Yes I did confuse those two, sorry about that.

'repr->app_fw_flower->pf_repr' is 'dev_private', and I assumed you are
setting it NULL to escape from double free (and was checking where that
double free happens), but I guess that is not the case.

'rte_eth_dev_destroy()' calls 'rte_eth_dev_release_port()' and frees
'dev_private' but 'repr->app_fw_flower->pf_repr' remains as dangling
pointer and perhaps prevents 'nfp_flower_repr_dev_close()' move forward
(because of "if (app_fw_flower->pf_repr != NULL)" check), and you are
fixing it, is it the case?
  
Chaoyong He Jan. 12, 2024, 1:19 a.m.

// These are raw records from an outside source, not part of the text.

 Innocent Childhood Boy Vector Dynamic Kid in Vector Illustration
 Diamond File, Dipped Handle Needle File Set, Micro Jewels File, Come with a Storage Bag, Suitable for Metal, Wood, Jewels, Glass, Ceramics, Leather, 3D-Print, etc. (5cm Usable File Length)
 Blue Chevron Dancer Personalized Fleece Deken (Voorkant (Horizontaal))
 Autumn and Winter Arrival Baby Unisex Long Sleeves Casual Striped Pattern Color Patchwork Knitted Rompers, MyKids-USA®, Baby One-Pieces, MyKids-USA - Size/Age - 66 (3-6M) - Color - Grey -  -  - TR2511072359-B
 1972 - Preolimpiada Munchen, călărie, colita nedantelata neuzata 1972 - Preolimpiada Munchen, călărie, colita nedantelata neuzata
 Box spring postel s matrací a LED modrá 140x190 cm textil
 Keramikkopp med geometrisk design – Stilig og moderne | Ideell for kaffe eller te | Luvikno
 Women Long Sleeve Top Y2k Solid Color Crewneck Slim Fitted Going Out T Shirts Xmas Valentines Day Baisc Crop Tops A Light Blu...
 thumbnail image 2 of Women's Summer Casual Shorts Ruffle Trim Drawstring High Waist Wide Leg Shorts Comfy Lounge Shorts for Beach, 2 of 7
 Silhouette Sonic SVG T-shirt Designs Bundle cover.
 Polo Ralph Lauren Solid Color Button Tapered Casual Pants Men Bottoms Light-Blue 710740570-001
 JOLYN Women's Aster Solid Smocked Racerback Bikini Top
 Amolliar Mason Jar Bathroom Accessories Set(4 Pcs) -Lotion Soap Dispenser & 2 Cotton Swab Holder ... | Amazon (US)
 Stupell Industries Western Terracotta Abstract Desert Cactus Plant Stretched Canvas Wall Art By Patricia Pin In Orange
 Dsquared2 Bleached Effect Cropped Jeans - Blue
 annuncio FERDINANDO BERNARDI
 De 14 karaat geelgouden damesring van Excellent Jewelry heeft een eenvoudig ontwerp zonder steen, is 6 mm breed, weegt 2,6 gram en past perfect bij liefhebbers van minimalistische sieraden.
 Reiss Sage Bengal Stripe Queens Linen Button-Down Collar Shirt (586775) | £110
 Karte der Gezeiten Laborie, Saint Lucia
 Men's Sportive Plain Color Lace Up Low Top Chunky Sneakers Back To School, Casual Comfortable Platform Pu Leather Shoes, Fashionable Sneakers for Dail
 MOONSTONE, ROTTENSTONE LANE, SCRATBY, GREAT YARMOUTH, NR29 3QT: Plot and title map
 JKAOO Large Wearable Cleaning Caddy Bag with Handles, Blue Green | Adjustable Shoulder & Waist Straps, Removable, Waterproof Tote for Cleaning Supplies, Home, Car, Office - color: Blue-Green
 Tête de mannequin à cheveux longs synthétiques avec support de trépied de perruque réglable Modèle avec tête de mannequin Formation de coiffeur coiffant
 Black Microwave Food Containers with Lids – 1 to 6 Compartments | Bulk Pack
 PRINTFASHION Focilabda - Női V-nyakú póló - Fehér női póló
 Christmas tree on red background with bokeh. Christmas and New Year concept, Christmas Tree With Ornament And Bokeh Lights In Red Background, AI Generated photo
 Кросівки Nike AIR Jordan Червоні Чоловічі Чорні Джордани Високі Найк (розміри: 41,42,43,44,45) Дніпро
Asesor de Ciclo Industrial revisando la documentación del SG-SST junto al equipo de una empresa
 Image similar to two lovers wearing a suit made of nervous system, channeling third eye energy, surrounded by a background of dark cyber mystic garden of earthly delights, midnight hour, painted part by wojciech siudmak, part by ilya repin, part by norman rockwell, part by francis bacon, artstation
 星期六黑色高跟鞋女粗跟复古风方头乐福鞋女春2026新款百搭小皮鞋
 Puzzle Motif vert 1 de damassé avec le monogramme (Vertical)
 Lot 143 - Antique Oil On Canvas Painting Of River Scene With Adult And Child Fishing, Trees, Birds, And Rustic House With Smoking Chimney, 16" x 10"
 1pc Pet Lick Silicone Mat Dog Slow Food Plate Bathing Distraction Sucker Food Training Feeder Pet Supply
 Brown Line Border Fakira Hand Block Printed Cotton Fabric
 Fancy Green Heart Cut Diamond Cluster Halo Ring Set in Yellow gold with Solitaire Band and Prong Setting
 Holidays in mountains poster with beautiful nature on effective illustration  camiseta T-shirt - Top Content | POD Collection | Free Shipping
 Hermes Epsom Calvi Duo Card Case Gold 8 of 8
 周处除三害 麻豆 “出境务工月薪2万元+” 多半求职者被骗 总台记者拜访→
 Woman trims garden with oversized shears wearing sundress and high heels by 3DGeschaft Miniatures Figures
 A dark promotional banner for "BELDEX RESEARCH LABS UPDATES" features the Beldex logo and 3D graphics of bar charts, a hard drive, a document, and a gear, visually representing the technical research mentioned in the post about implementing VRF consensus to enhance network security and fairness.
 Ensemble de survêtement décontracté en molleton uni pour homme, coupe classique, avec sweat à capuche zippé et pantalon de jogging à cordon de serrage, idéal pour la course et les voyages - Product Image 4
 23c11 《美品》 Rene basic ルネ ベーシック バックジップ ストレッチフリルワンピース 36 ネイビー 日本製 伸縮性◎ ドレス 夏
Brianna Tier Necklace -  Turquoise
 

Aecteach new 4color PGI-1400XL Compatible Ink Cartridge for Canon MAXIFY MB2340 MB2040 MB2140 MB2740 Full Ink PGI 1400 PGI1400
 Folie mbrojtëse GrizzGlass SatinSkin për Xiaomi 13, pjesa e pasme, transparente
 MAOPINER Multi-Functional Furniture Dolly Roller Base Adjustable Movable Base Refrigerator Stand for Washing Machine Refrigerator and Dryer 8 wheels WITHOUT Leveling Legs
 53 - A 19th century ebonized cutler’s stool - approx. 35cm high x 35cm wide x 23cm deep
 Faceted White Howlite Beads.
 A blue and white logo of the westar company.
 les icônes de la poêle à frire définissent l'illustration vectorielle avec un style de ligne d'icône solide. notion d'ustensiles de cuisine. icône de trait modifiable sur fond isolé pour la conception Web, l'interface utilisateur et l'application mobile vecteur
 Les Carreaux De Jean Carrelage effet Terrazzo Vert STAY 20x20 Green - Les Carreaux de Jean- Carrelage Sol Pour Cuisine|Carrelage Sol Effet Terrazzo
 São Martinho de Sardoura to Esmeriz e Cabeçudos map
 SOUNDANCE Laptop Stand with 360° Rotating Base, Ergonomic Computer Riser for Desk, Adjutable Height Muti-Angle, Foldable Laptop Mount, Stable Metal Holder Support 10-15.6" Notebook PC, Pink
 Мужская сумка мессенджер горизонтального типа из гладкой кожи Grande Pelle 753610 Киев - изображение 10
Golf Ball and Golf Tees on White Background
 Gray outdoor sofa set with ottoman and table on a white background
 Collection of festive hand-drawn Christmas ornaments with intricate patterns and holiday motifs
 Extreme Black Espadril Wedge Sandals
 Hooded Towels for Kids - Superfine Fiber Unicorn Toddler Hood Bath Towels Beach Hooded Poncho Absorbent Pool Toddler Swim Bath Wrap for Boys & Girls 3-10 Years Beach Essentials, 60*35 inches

UTC | #8
> On 1/11/2024 2:02 AM, Chaoyong He wrote:
> >> On 1/9/2024 7:56 AM, Chaoyong He wrote:
> >>>> On 12/18/2023 1:50 AM, Chaoyong He wrote:
> >>>>>> On 12/14/2023 10:24 AM, Chaoyong He wrote:
> >>>>>>> From: Long Wu <long.wu@corigine.com>
> >>>>>>>
> >>>>>>> Set the representor array to NULL to avoid that close interface
> >>>>>>> does not free some resource.
> >>>>>>>
> >>>>>>> Fixes: a135bc1644d6 ("net/nfp: fix resource leak for flower
> >>>>>>> firmware")
> >>>>>>> Cc: chaoyong.he@corigine.com
> >>>>>>> Cc: stable@dpdk.org
> >>>>>>>
> >>>>>>> Signed-off-by: Long Wu <long.wu@corigine.com>
> >>>>>>> Reviewed-by: Chaoyong He <chaoyong.he@corigine.com>
> >>>>>>> Reviewed-by: Peng Zhang <peng.zhang@corigine.com>
> >>>>>>> ---
> >>>>>>>  drivers/net/nfp/flower/nfp_flower_representor.c | 15
> >>>>>>> ++++++++++++++-
> >>>>>>>  1 file changed, 14 insertions(+), 1 deletion(-)
> >>>>>>>
> >>>>>>> diff --git a/drivers/net/nfp/flower/nfp_flower_representor.c
> >>>>>>> b/drivers/net/nfp/flower/nfp_flower_representor.c
> >>>>>>> index 27ea3891bd..5f7c1fa737 100644
> >>>>>>> --- a/drivers/net/nfp/flower/nfp_flower_representor.c
> >>>>>>> +++ b/drivers/net/nfp/flower/nfp_flower_representor.c
> >>>>>>> @@ -294,17 +294,30 @@ nfp_flower_repr_tx_burst(void
> *tx_queue,
> >>>>>>> static int  nfp_flower_repr_uninit(struct rte_eth_dev *eth_dev)
> >>>>>>> {
> >>>>>>> +	uint16_t index;
> >>>>>>>  	struct nfp_flower_representor *repr;
> >>>>>>>
> >>>>>>>  	repr = eth_dev->data->dev_private;
> >>>>>>>  	rte_ring_free(repr->ring);
> >>>>>>>
> >>>>>>> +	if (repr->repr_type == NFP_REPR_TYPE_PHYS_PORT) {
> >>>>>>> +		index =
> NFP_FLOWER_CMSG_PORT_PHYS_PORT_NUM(repr-
> >>>>>>> port_id);
> >>>>>>> +		repr->app_fw_flower->phy_reprs[index] = NULL;
> >>>>>>> +	} else {
> >>>>>>> +		index = repr->vf_id;
> >>>>>>> +		repr->app_fw_flower->vf_reprs[index] = NULL;
> >>>>>>> +	}
> >>>>>>> +
> >>>>>>>  	return 0;
> >>>>>>>  }
> >>>>>>>
> >>>>>>>  static int
> >>>>>>> -nfp_flower_pf_repr_uninit(__rte_unused struct rte_eth_dev
> >>>>>>> *eth_dev)
> >>>>>>> +nfp_flower_pf_repr_uninit(struct rte_eth_dev *eth_dev)
> >>>>>>>  {
> >>>>>>> +	struct nfp_flower_representor *repr =
> >>>>>>> +eth_dev->data->dev_private;
> >>>>>>> +
> >>>>>>> +	repr->app_fw_flower->pf_repr = NULL;
> >>>>>>>
> >>>>>>
> >>>>>> Here it is assigned to NULL but is it freed? If freed, why not
> >>>>>> set to NULL where it is freed?
> >>>>>>
> >>>>>> Same for above phy_reprs & vf_reprs.
> >>>>>
> >>>>> The whole invoke view:
> >>>>> rte_eth_dev_close()
> >>>>>     --> nfp_flower_repr_dev_close()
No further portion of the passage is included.